◆ Task description: Go through the entries below and print, exactly, the lines starting at the one with "湖北大王椰子移植苗精品大王椰子自产自销" and ending at the one with "Kwak, Black-crowned Night", keeping both ends and no others.

◆ Data shown:
======

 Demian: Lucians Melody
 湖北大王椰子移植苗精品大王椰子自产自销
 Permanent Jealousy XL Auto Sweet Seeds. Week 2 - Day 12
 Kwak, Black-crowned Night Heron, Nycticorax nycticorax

======

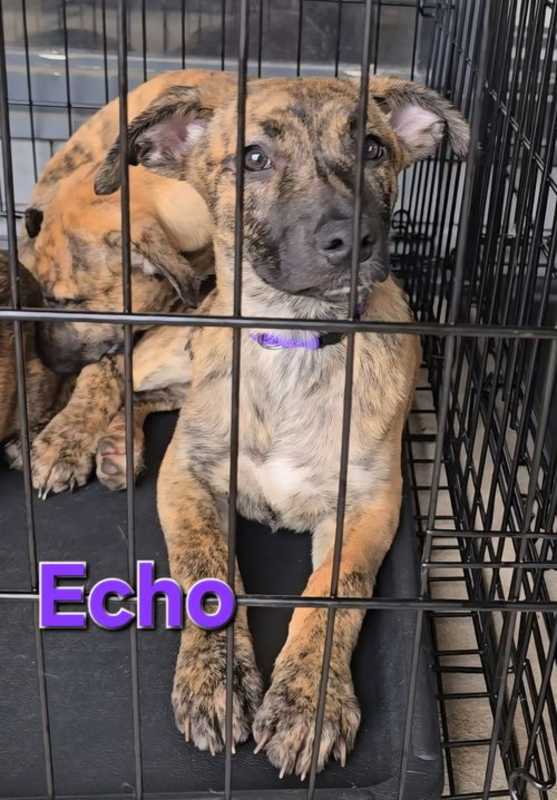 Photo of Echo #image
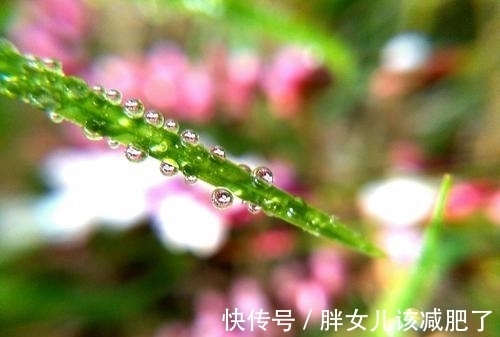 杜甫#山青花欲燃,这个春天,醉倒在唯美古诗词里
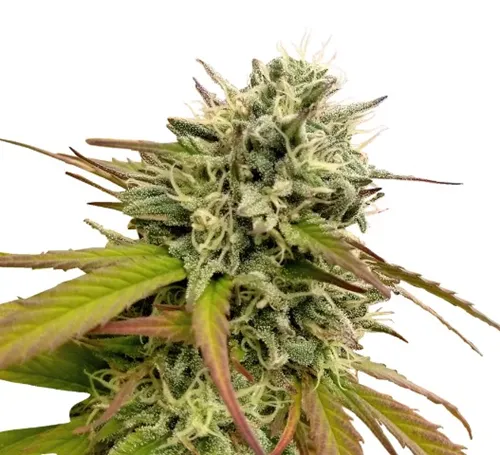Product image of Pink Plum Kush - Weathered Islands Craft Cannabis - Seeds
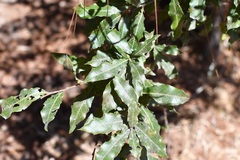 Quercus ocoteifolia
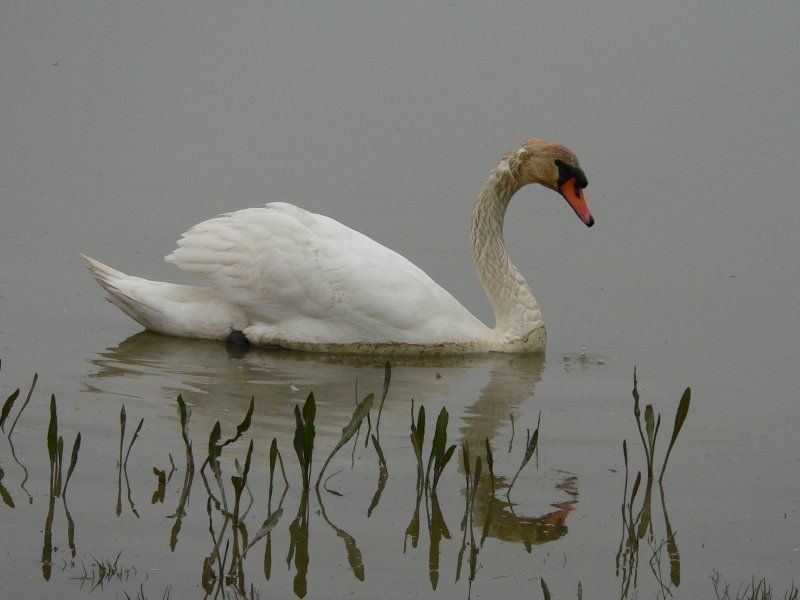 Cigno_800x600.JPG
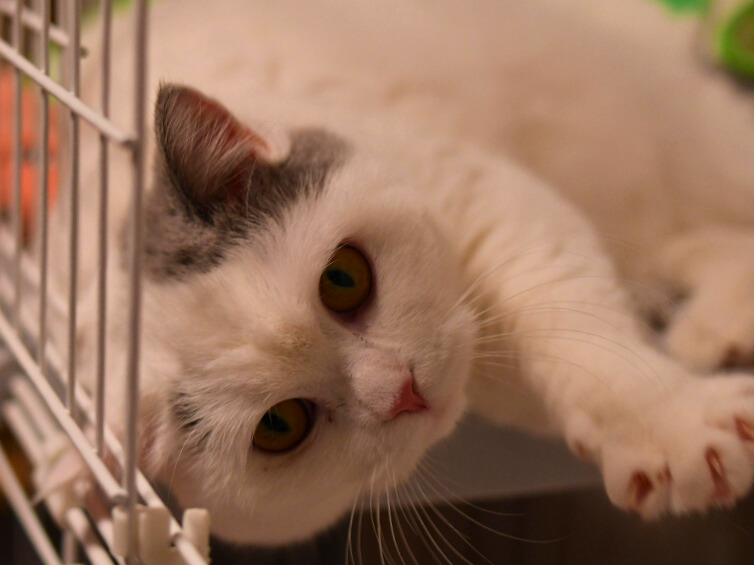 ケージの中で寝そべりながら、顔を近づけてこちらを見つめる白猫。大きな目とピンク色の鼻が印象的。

======

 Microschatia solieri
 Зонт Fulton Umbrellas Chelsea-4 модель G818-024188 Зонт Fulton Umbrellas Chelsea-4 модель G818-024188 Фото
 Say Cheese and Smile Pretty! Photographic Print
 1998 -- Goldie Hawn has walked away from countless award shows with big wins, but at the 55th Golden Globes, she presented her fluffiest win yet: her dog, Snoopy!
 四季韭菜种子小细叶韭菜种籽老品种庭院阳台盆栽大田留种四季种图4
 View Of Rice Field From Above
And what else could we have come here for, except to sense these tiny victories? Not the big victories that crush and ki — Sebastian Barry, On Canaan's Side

======

◆ Problem solution:
 湖北大王椰子移植苗精品大王椰子自产自销
 Permanent Jealousy XL Auto Sweet Seeds. Week 2 - Day 12
 Kwak, Black-crowned Night Heron, Nycticorax nycticorax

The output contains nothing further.